I've been looking at those little tractor starting battery's but not sure if they can take the constant discharging/recharging? I cant find them in deep cycle and I've been looking.


----------



## rockytop (Mar 19, 2008)

Plus so many conflicting views on witch battery to tap into.the unit is 12 volt hooking into a 24volts. Some say either battery some say the battery with the negative connected to the positive of the other is always 24 volts.


----------



## crappiedude (Mar 12, 2006)

I run both my HDS7 & 8 off my staring battery along with the lights, livewell and bilge pumps.
Only issue I ever had was at first I had the electronics running through the fuse panel. When ever I started the outboard the electronics would shut off. I solved that problem by running separate 10 ga wires directly from the starting battery to the electronics wiring at the console and I've haven't had that problem again.
Personally I would try adding the bow unit and see how it all performed before I added a 4th battery. I'm not saying the extra battery isn't needed but why fix a problem you may not have.


----------



## firemanmike2127 (Mar 17, 2013)

I run a 998 & 999si on my boat. The stereo, aerator, interior lighting, & bilge pump are all on the Group 27 Interstate primary battery. It starts the 225 Mercury O/B with no problem. For night fishing I will switch over to primary battery # 2 (a group 24 Interstate) to ensure that my Group 27 is ready to fire the engine when it's time to go home. That's the only time I ever use my back-up battery. Mike


----------



## bobk (Apr 30, 2004)

Just buy a bigger battery.


----------



## JamesF (May 20, 2016)

Your gonna need a bigger boat!


----------



## dwmikemx (Mar 22, 2008)

Don't wire your sonar units to the trolling motor batteries. 
Just go to Sam's and get a Duracell AGM Group 31 marine battery ($179) for a starting battery and wire your sonars direct to it using no less than #12 wire.

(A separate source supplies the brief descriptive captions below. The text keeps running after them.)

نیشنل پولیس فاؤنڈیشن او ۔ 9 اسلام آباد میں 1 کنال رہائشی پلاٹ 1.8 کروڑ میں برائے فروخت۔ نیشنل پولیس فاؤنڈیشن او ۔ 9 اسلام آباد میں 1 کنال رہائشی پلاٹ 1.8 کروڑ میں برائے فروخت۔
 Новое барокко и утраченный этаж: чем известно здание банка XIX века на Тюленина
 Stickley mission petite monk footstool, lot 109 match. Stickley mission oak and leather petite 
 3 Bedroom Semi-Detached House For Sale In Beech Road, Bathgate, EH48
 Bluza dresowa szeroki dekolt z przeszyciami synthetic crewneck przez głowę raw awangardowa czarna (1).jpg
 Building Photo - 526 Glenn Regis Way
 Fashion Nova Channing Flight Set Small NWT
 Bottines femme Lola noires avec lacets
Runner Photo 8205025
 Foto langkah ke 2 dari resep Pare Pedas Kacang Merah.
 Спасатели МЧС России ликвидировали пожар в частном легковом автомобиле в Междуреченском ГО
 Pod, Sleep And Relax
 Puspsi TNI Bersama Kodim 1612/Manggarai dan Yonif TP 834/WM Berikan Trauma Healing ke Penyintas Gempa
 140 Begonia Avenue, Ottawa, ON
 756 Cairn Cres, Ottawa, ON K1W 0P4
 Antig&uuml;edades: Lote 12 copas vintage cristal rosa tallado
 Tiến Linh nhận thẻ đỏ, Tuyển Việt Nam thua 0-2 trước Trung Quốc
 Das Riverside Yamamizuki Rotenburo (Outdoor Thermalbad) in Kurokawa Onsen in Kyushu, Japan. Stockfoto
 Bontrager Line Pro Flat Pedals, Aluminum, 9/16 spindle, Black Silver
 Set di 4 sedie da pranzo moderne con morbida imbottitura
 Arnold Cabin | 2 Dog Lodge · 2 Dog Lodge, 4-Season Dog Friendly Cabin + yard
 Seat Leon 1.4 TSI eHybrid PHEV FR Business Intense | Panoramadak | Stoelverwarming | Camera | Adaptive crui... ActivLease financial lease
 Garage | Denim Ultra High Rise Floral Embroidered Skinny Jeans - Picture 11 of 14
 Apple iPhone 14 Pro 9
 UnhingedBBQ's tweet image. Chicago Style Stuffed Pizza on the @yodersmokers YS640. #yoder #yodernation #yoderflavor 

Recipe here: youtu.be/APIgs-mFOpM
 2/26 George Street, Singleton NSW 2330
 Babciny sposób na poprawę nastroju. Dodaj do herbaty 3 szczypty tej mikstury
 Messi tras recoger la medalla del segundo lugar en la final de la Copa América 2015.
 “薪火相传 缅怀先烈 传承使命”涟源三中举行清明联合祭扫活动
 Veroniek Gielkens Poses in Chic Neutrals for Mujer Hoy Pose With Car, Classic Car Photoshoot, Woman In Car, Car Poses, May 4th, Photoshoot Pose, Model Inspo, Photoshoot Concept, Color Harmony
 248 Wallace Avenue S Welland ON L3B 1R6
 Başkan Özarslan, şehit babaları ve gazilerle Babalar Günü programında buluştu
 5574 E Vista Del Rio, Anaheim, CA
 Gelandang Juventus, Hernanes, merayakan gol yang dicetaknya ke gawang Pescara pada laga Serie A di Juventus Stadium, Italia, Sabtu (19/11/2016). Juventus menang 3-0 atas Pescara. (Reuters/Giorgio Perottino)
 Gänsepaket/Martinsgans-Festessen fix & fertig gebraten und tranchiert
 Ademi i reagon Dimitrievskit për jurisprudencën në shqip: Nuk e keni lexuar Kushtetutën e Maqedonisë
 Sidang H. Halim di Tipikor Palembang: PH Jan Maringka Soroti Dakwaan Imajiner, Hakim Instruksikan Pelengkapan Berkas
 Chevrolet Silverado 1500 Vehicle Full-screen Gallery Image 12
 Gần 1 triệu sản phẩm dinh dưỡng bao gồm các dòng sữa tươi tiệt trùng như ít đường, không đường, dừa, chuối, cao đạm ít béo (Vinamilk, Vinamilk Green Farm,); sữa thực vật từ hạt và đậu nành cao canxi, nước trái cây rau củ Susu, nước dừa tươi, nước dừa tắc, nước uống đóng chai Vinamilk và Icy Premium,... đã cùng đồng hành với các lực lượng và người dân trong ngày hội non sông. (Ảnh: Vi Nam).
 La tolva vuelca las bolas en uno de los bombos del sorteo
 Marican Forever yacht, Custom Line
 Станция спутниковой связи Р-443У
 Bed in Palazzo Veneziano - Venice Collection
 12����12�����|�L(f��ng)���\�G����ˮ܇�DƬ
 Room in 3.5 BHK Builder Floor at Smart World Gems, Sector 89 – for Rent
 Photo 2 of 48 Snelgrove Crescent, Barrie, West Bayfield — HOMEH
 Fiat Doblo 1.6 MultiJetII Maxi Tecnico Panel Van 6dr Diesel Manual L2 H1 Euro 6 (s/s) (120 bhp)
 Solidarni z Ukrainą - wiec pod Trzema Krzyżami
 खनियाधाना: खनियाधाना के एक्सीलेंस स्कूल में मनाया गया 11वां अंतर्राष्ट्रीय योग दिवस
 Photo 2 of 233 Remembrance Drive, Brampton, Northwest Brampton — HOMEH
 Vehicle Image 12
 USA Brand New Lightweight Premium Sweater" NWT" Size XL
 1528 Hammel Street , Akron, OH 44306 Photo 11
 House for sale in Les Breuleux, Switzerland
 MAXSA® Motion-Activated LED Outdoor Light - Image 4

I had the Interstate group 29 starting battery with my HB 1199 & 998. Always had issues with running down the battery while running my electronics all day without starting my outboard. 
Went to the group 31 and have had no more problems with low voltage from the electronics draw.


----------



## ezbite (May 25, 2006)

dwmikemx said:


> Don't wire your sonar units to the trolling motor batteries.
> Just go to Sam's and get a Duracell AGM Group 31 marine battery ($179) for a starting battery and wire your sonars direct to it using no less than #12 wire.
> 
> I had the Interstate group 29 starting battery with my HB 1199 & 998. Always had issues with running down the battery while running my electronics all day without starting my outboard.
> Went to the group 31 and have had no more problems with low voltage from the electronics draw.


change of plans just going to go with the G31 battery.


----------



## dwmikemx (Mar 22, 2008)

ezbite said:


> change of plans just going to go with the G31 battery.


@ezbite... I'll also add that I charge my starting and TM batteries with my on board charger after every time out fishing, so I'm always starting the day out with a fully charged battery.


----------



## JamesF (May 20, 2016)

I really like the onboard charger. I just unplug TM and electronics, plug in the charger and ready for fishing!


----------



## ezbite (May 25, 2006)

i have a 2200 minn kota 2 bank just for the TM batterys and a $20 ever start 3 amp charger/ maintainer for the main battery. i never go on the water without fully charged batterys.


----------



## JamesF (May 20, 2016)

I knew that I was going to have three batteries, and at the time I had the bucks for a 330 MK. Before that I had one battery and a 12volt.charger. Now life is ez.!


----------



## Shortdrift (Apr 5, 2004)

ezbite said:


> change of plans just going to go with the G31 battery.


Good decision. I have a 27 as my starting battery for my small 20hp motor and run my sonars of it without problems.


----------